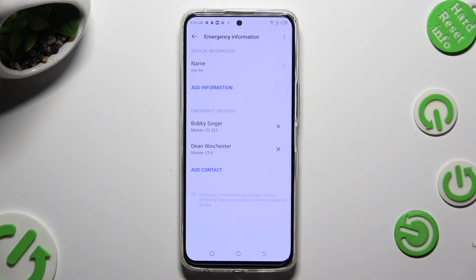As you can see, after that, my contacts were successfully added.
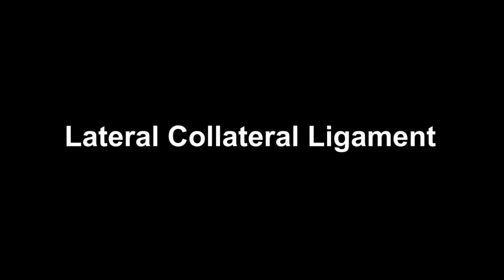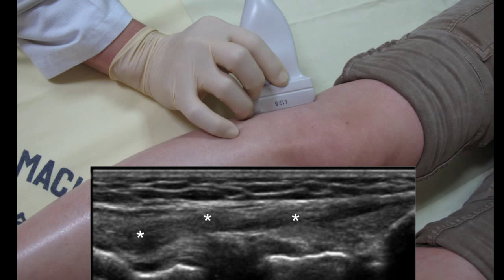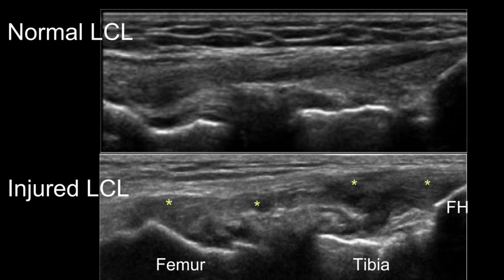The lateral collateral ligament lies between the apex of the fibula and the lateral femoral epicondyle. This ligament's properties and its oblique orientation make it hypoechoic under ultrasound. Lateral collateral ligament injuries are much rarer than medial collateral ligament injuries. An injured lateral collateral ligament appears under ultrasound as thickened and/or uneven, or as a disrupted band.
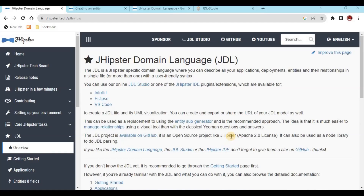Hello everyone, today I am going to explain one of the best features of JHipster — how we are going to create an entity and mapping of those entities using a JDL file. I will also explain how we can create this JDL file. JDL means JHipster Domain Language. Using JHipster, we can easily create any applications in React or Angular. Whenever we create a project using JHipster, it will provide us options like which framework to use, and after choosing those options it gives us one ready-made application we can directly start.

=-=-=-=-=

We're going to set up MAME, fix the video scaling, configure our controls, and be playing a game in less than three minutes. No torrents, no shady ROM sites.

=-=-=-=-=

> **Work required**
From the records above, give again only the part that opens with the line containing "As you can see, after" and closes with the line containing "Hello everyone, today". Keep both ends but drop the pictures.

> **Solved exercise**
As you can see, after that, my contacts were successfully added.
The lateral collateral ligament lies between the apex of the fibula and the lateral femoral epicondyle. This ligament's properties and its oblique orientation make it hypoechoic under ultrasound. Lateral collateral ligament injuries are much rarer than medial collateral ligament injuries. An injured lateral collateral ligament appears under ultrasound as thickened and/or uneven, or as a disrupted band.
Hello everyone, today I am going to explain one of the best features of JHipster — how we are going to create an entity and mapping of those entities using a JDL file. I will also explain how we can create this JDL file. JDL means JHipster Domain Language. Using JHipster, we can easily create any applications in React or Angular. Whenever we create a project using JHipster, it will provide us options like which framework to use, and after choosing those options it gives us one ready-made application we can directly start.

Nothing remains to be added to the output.